▶ SOURCE DATA:
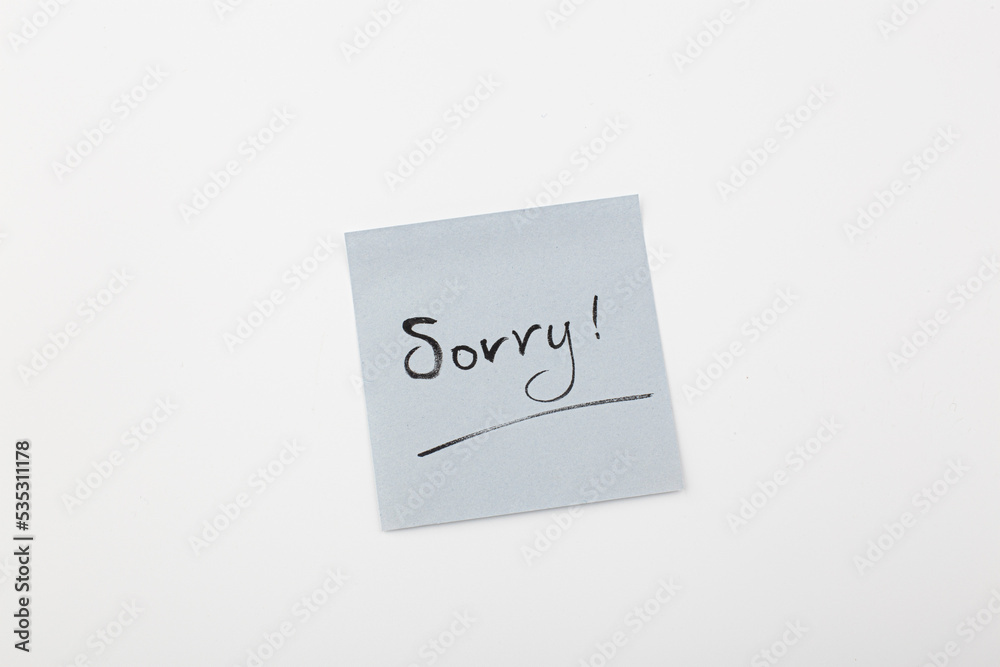 Sorry handwriting text isolated. Writing text on memo post reminder. Sorry handwriting text isolated. Writing text on memo post reminder.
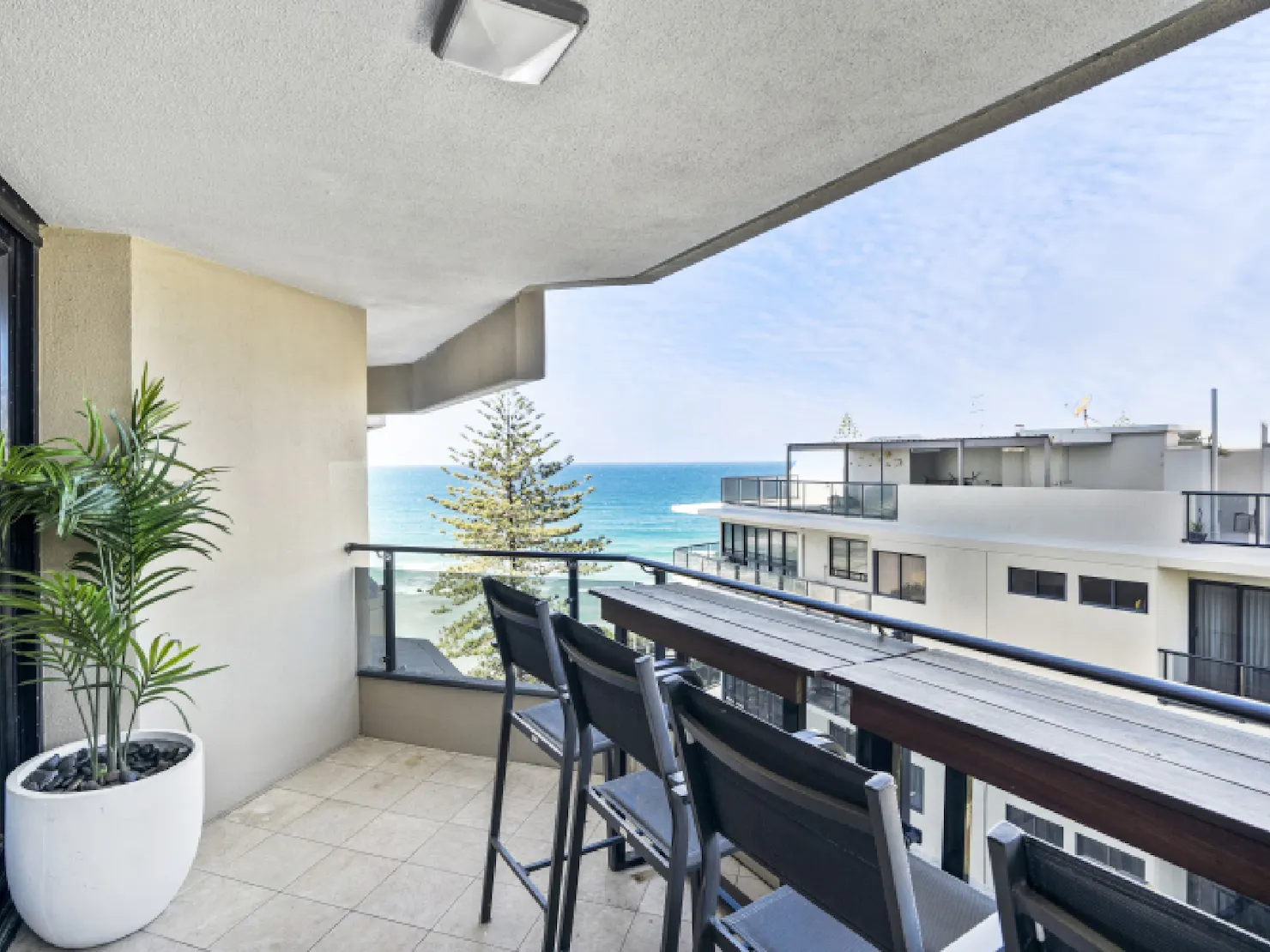 Balcony with breakfast bar and ocean views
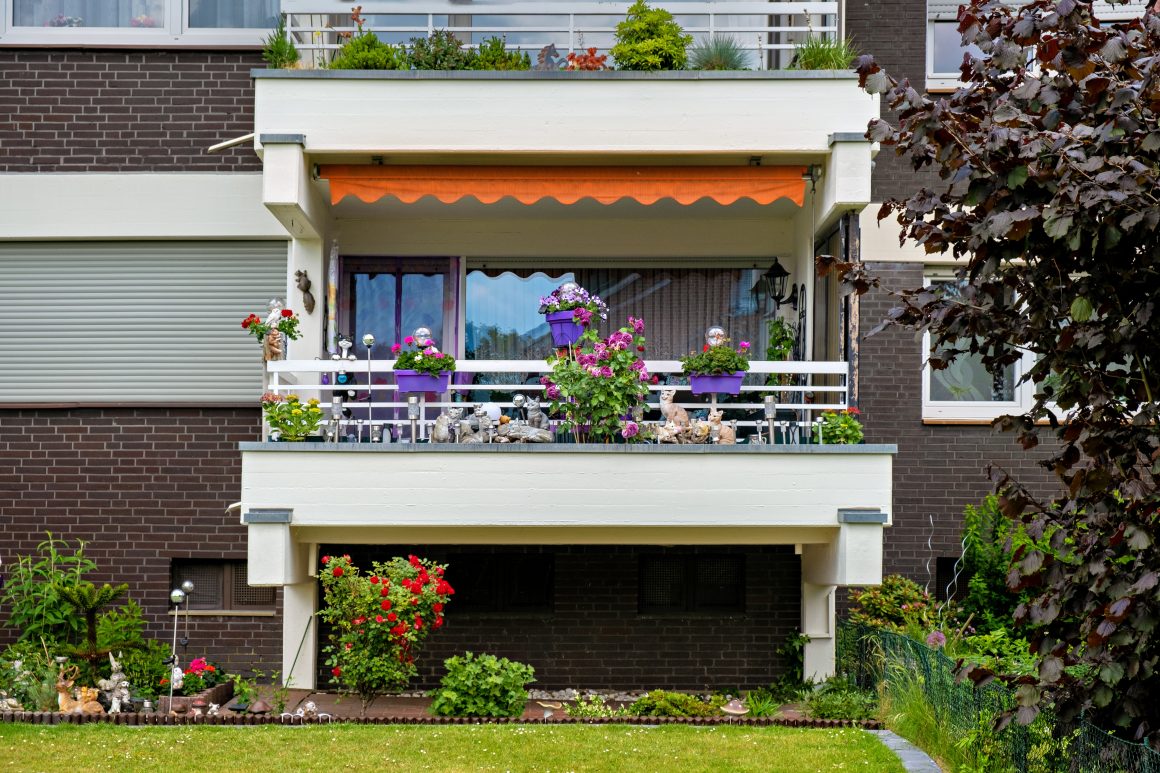 Balcon fleuri sur façade sombre avec store, jardinières colorées et plantes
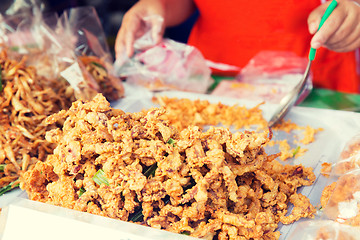 Image showing close up of cook hands and snacks at street market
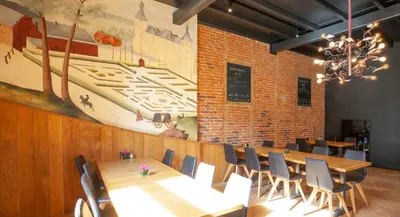 a dining room with a long table and chairs at Hotel The Lodge Heverlee in Leuven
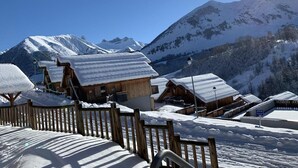 Un pueblo cubierto de nieve con edificios de madera, una cerca de madera y montañas al fondo.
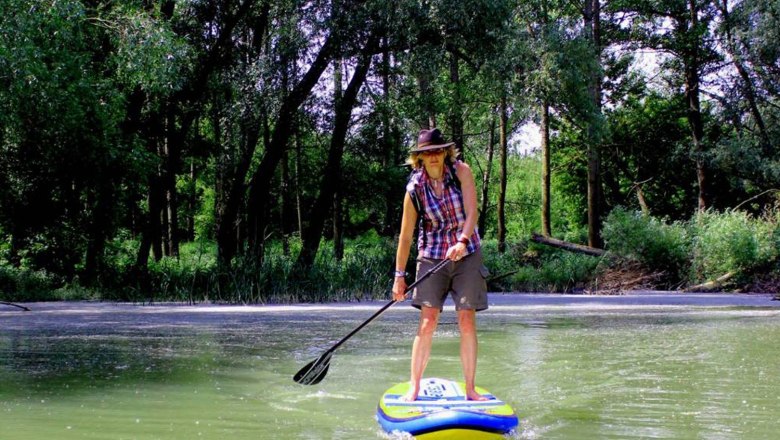 Stand up paddling, © www.standuppaddeln.at Person stand up paddling on a river, surrounded by trees.
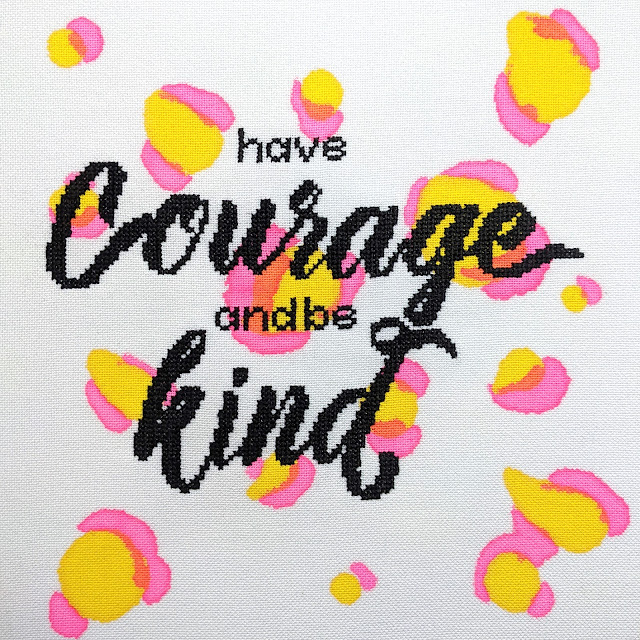 cross stitch lettering in modern calligraphy font with the words 'have courage and be kind' stitched on white fabric with pink and yellow leopard print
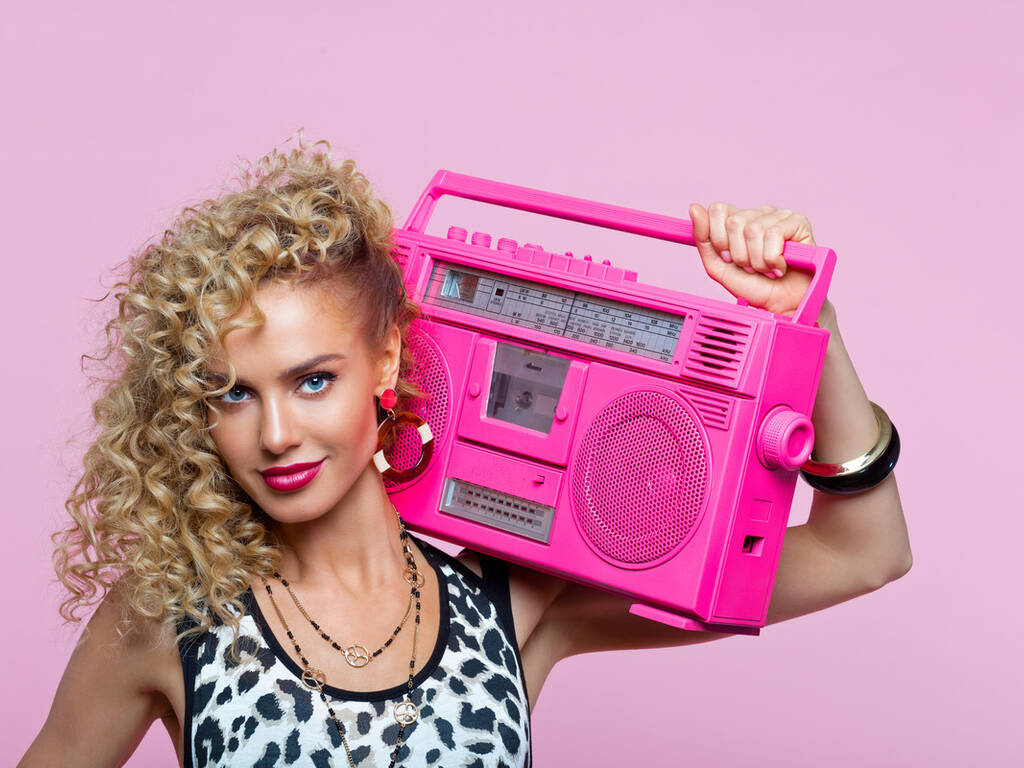 A stock image of an 80s woman carrying a boom box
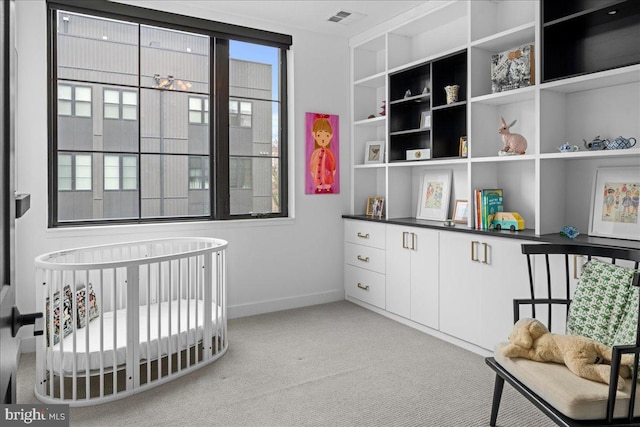 bedroom with visible vents, light colored carpet, and baseboards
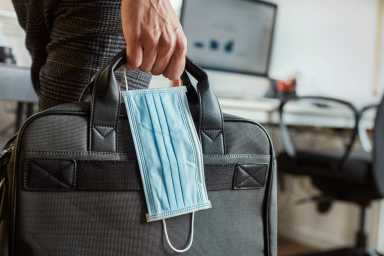 man with a briefcase and a surgical mask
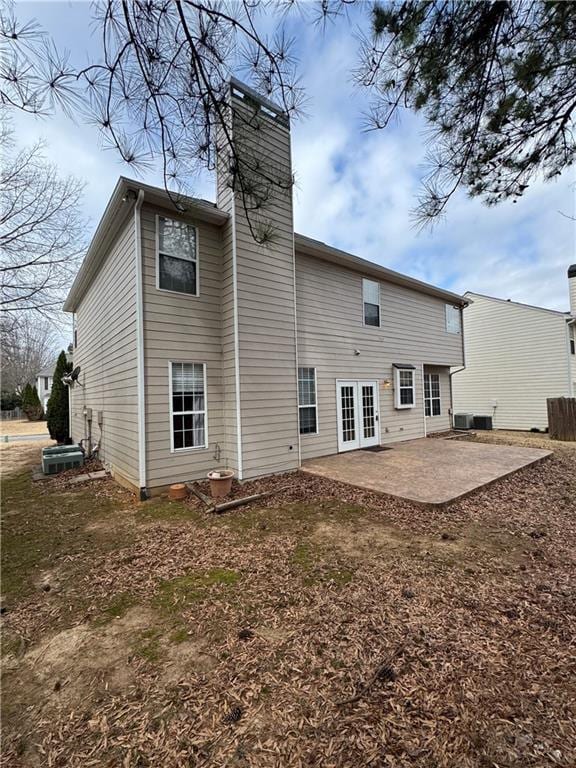 back of house with a patio, french doors, a chimney, and central AC unit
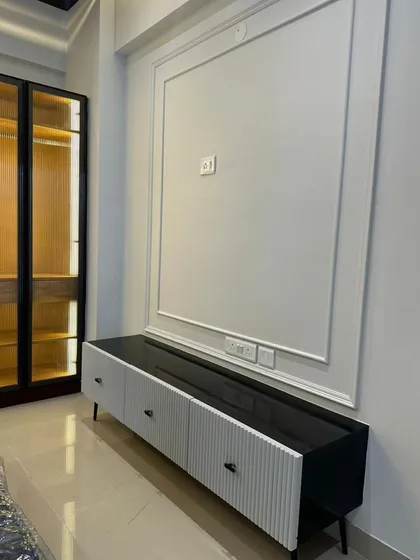 A minimalist TV console with a fluted white facade and a contrasting black top. This piece is set against a wall with simple, elegant moulding, creating a clean and contemporary look. The glass-fronted wardrobe nearby adds to the modern aesthetic.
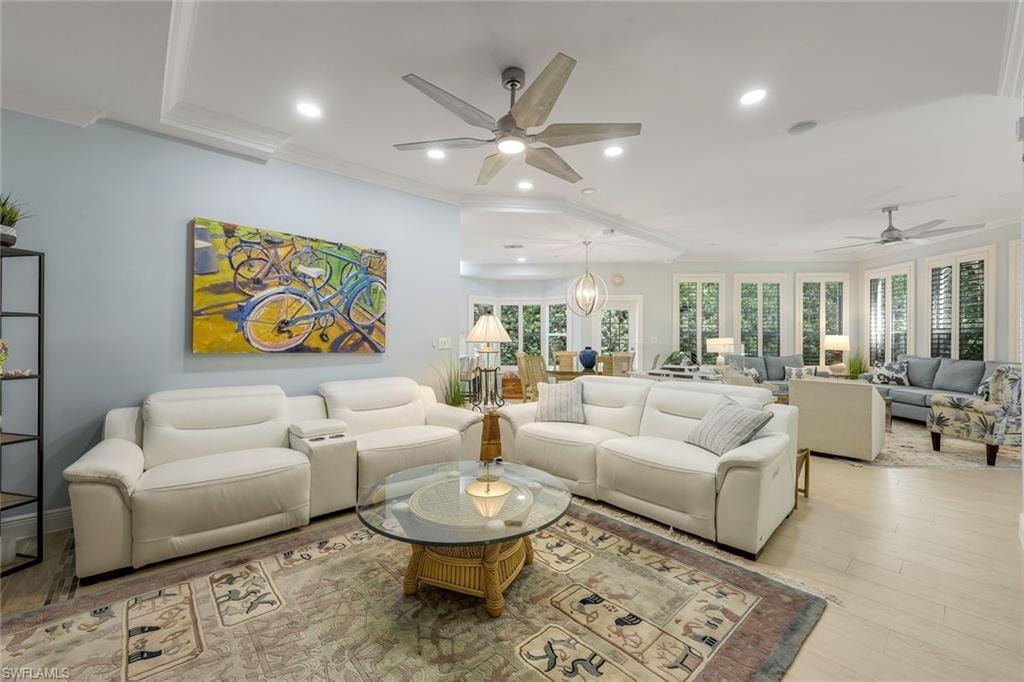 Living area featuring crown molding, ceiling fan, recessed lighting, and wood finished floors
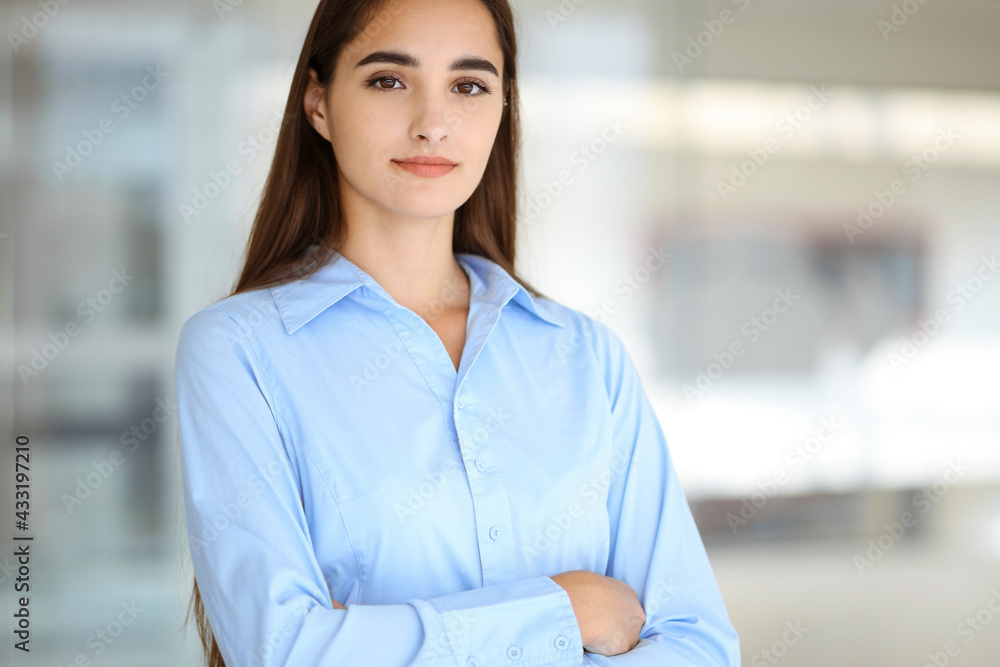 A friendly young dark hair businesswoman or female student is standing with some papers in the office A friendly young dark hair businesswoman or female student is standing with some papers in the office
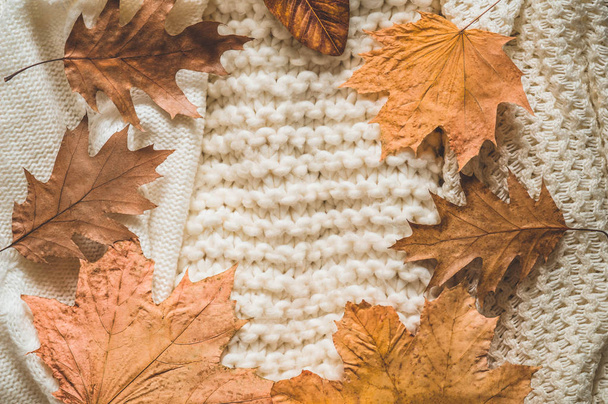 Fall Background with warm sweaters. Pile of knitted clothes with autumn leaves, warm background, knitwear, space for text - Foto, afbeelding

▶ EXERCISE:
Everything in the records except the pictures should be retyped exactly.

▶ EXPECTED ANSWER:
 Sorry handwriting text isolated. Writing text on memo post reminder. Sorry handwriting text isolated. Writing text on memo post reminder.
 Balcony with breakfast bar and ocean views
 Balcon fleuri sur façade sombre avec store, jardinières colorées et plantes
 Image showing close up of cook hands and snacks at street market
 a dining room with a long table and chairs at Hotel The Lodge Heverlee in Leuven
 Un pueblo cubierto de nieve con edificios de madera, una cerca de madera y montañas al fondo.
 Stand up paddling, © www.standuppaddeln.at Person stand up paddling on a river, surrounded by trees.
 cross stitch lettering in modern calligraphy font with the words 'have courage and be kind' stitched on white fabric with pink and yellow leopard print
 A stock image of an 80s woman carrying a boom box
 bedroom with visible vents, light colored carpet, and baseboards
 man with a briefcase and a surgical mask
 back of house with a patio, french doors, a chimney, and central AC unit
 A minimalist TV console with a fluted white facade and a contrasting black top. This piece is set against a wall with simple, elegant moulding, creating a clean and contemporary look. The glass-fronted wardrobe nearby adds to the modern aesthetic.
 Living area featuring crown molding, ceiling fan, recessed lighting, and wood finished floors
 A friendly young dark hair businesswoman or female student is standing with some papers in the office A friendly young dark hair businesswoman or female student is standing with some papers in the office
 Fall Background with warm sweaters. Pile of knitted clothes with autumn leaves, warm background, knitwear, space for text - Foto, afbeelding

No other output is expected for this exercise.